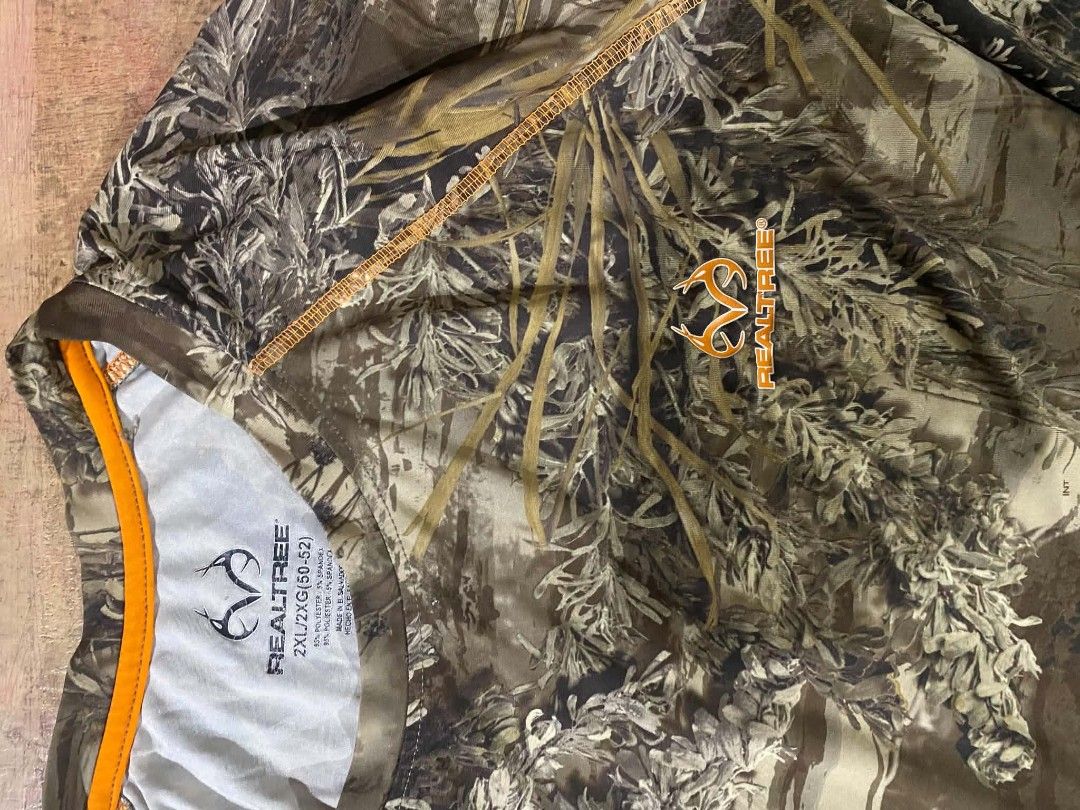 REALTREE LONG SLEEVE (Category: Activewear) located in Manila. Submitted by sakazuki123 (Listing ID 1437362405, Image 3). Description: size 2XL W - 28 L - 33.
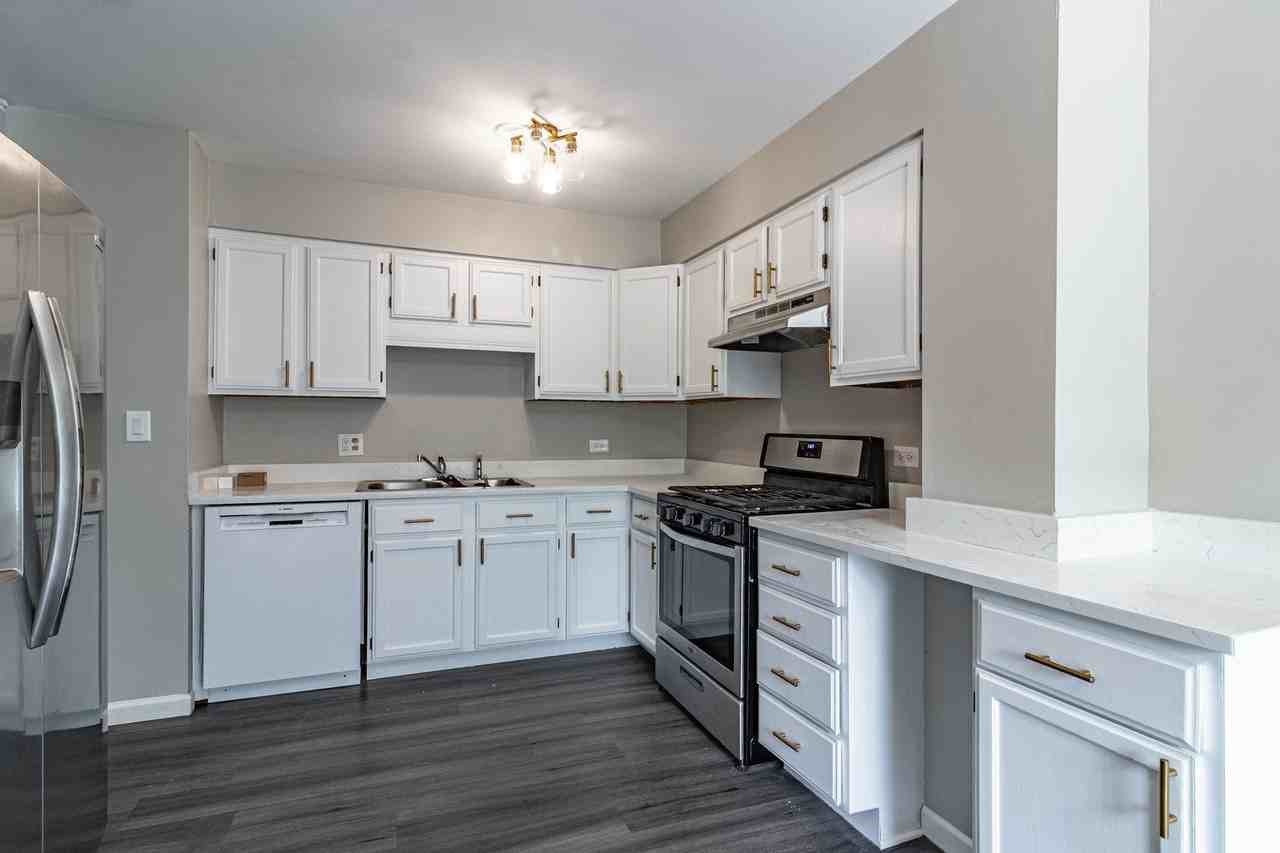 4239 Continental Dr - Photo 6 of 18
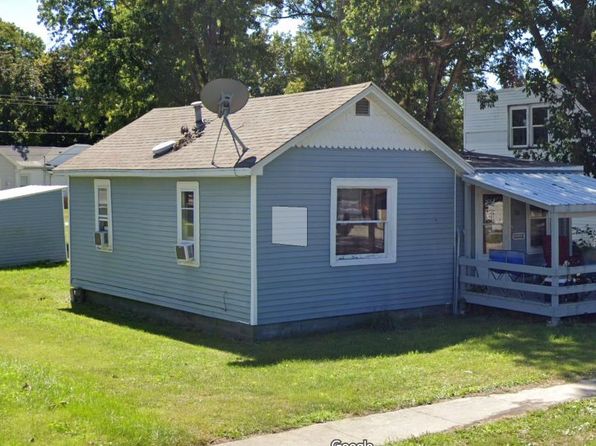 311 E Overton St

PROBLEM TO WORK ON
With images omitted, retype the data word for word.

PROBLEM SOLUTION
 REALTREE LONG SLEEVE (Category: Activewear) located in Manila. Submitted by sakazuki123 (Listing ID 1437362405, Image 3). Description: size 2XL W - 28 L - 33.
 4239 Continental Dr - Photo 6 of 18
 311 E Overton St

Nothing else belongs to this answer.